Perhaps I am showing my ignorance for the reftable backend, but is it OK
to call strncmp() against all patterns here?

In the packed-refs implementation which I worked on with Peff sometime
last year, we rejected exclude patterns that contain special glob
characters in them for exactly this reason.

The implementation that I'm referring to has a helpful comment that
jogged my memory for what we were thinking at the time (see the
function refs/packed-backend.c::populate_excluded_jump_list()).

Ugh, I just read the next hunk below, so ignore me here ;-).

> +static char **filter_exclude_patterns(const char **exclude_patterns)
> +{
> +	size_t filtered_size = 0, filtered_alloc = 0;
> +	char **filtered = NULL;
> +
> +	if (!exclude_patterns)
> +		return NULL;
> +
> +	for (size_t i = 0; ; i++) {
> +		const char *exclude_pattern = exclude_patterns[i];
> +		int has_glob = 0;
> +
> +		if (!exclude_pattern)
> +			break;
> +
> +		for (const char *p = exclude_pattern; *p; p++) {
> +			has_glob = is_glob_special(*p);
> +			if (has_glob)
> +				break;
> +		}
> +		if (has_glob)
> +			continue;
> +
> +		ALLOC_GROW(filtered, filtered_size + 1, filtered_alloc);
> +		filtered[filtered_size++] = xstrdup(exclude_pattern);
> +	}
> +
> +	if (filtered_size) {
> +		QSORT(filtered, filtered_size, qsort_strcmp);
> +		ALLOC_GROW(filtered, filtered_size + 1, filtered_alloc);
> +		filtered[filtered_size++] = NULL;
> +	}
> +
> +	return filtered;
> +}

Ohhh, here's where we filter out un-excludeable patterns. Ignore me :-).

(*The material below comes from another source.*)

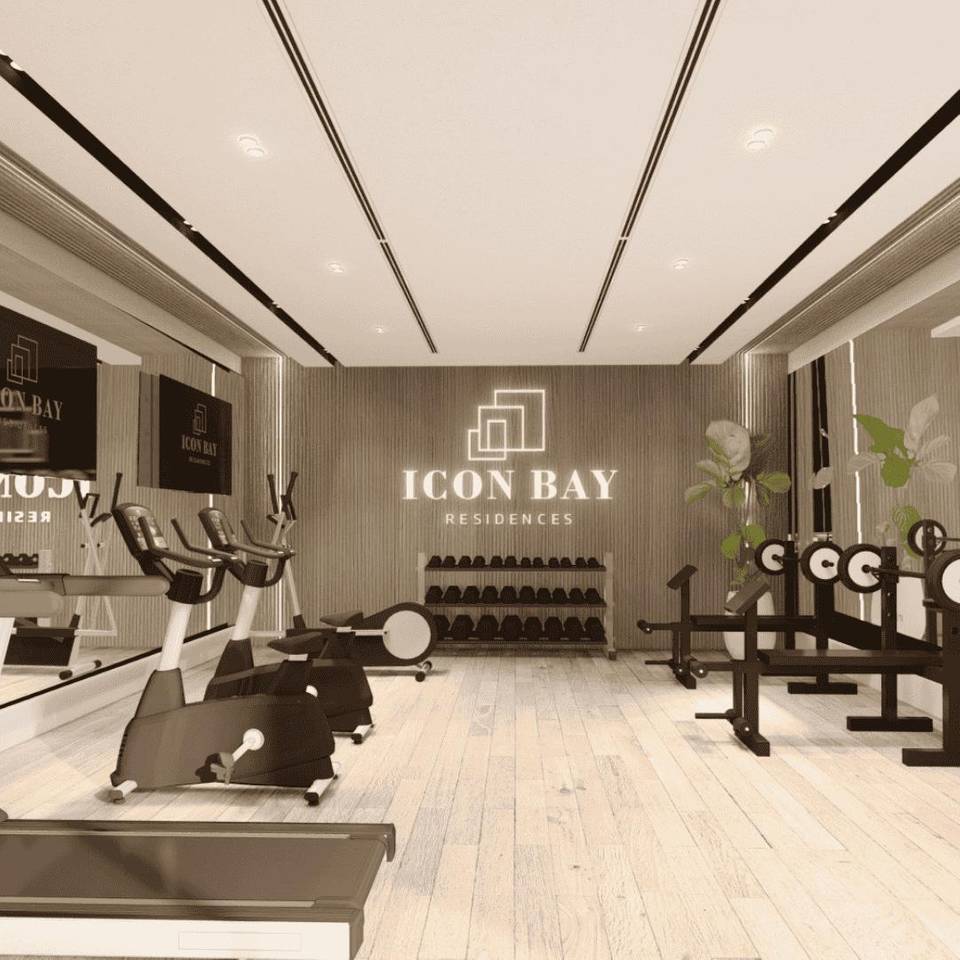 Icon Bay Cap Cana: Apartamentos Exclusivos con Vista al Mar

One question I had reading this is why we don't filter these out on the
fly in the iterator itself instead of allocating a separate array that
we have to xstrdup() into and free later on.

We may be at the point of diminishing returns here, but I wonder if
allocating this thing is more expensive than a few redundant strcmp()s
and calls to is_glob_special(). I dunno.

Thanks,
Taylor